I have been wondering what to do with the blog and I have decided will soon to return to my Patristic roots, my Patristiblogger roots, for a time.  I will tackle St. Augustine’s Homilies on the First Epistle of John.  There are ten homilies.  We could do one per week.

I thought about the English version to use and decided on the free, online version available at New Advent, by H. Browne, in the Nicene and Post-Nicene Fathers, First Series, Vol. 7.  The translation has the advantage is sticking closely to the Latin.  You can find the Latin text for free online here.

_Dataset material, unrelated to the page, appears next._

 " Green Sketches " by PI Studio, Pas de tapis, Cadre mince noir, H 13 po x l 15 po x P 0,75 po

There will be a combination of PODCAzTs and blog posts for discussion.  The work on the blog can be both in English and in Latin.

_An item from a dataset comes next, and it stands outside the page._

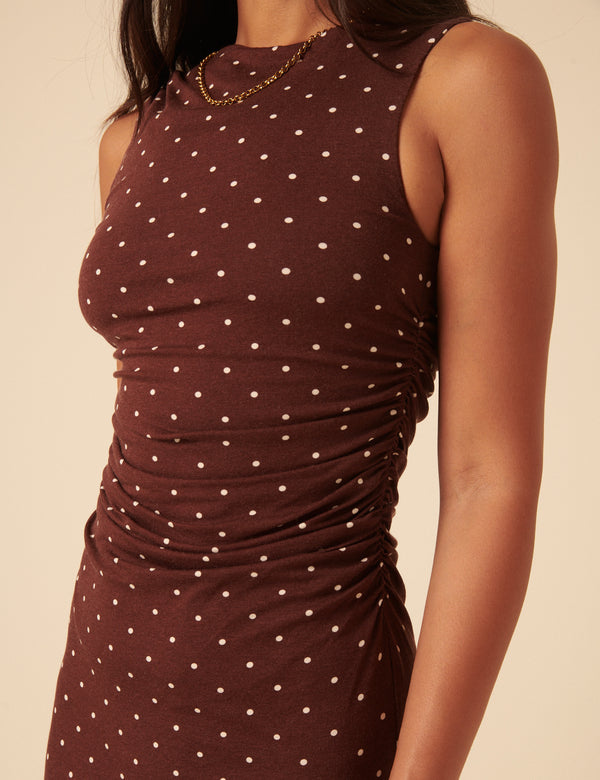 Nobody’s Child Brown Polka Dot Jersey Draped Laurella Midi Dress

Before anything else, however, we will have to have some preparation.

The first step in a preparation would be to read in your handy New Testament, 1 John.  Obvious, no?  You can find the older Vulgate with the Douay English side by side here.  There are various sites which present the Greek New Testament.  There is an interesting inter-linear site here.  Another, in pdf, here.  Some other resources, including audio in Latin and Greek here.  If you want a study version, I rather like the Navarre Bible series.  Here is a link for the appropriate volume from amazon.

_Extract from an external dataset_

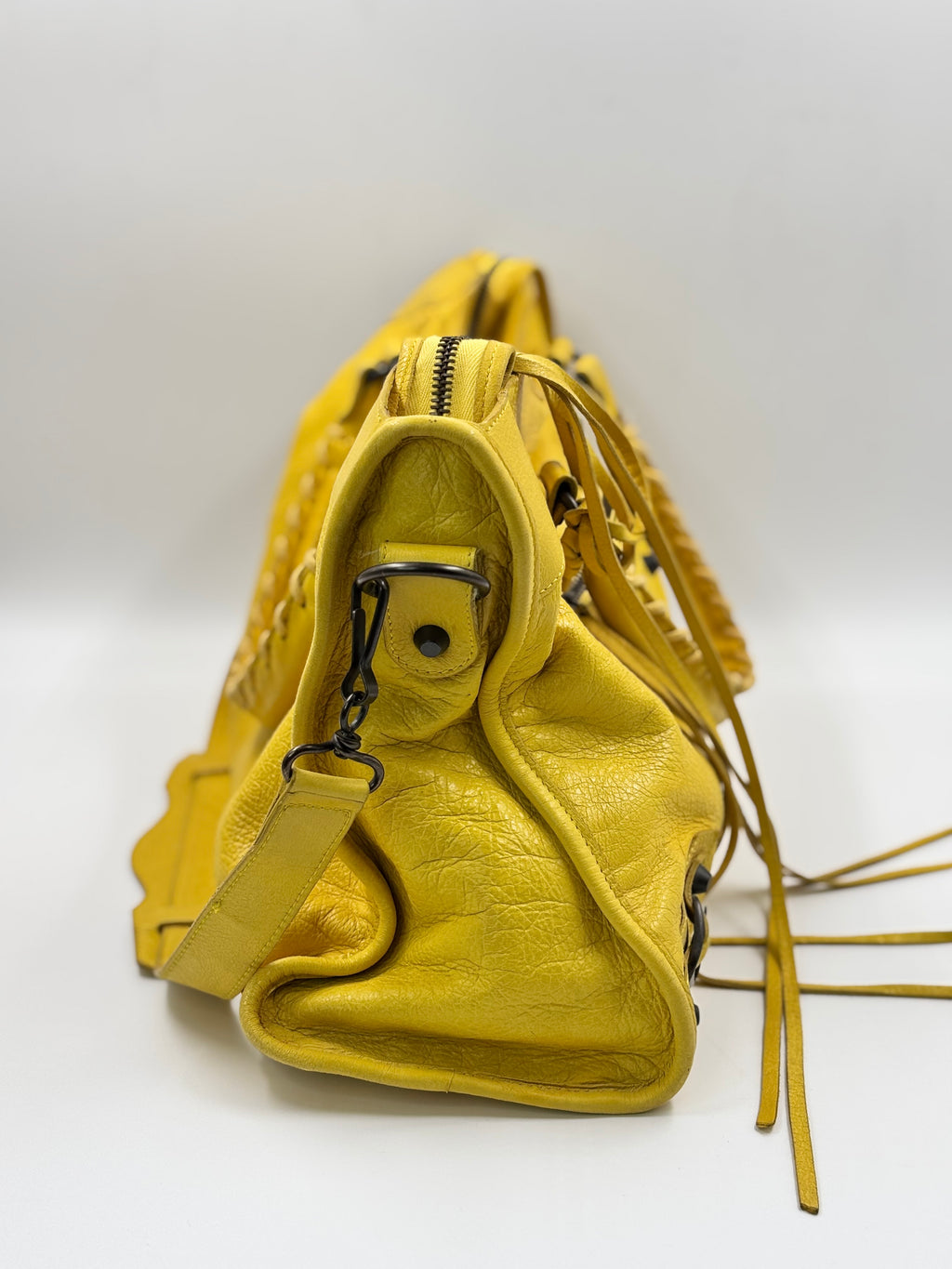 Balenciaga Curry Lambskin Leather Motorcycle City Bag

Reading an older English version of 1 John, such as Douay or the KJV might be a way of getting in English something closer to what Augustine had in Latin for his version.  What I’m saying is that Douay or KJV might be more helpful for getting into your ear the feel of the text of 1 John than, say, the Jerusalem Bible.

Augustine will cite the version of the Latin that he had.  He obviously didn’t have the Vulgate.

I will add more propaedeutic comments as we rev up the project.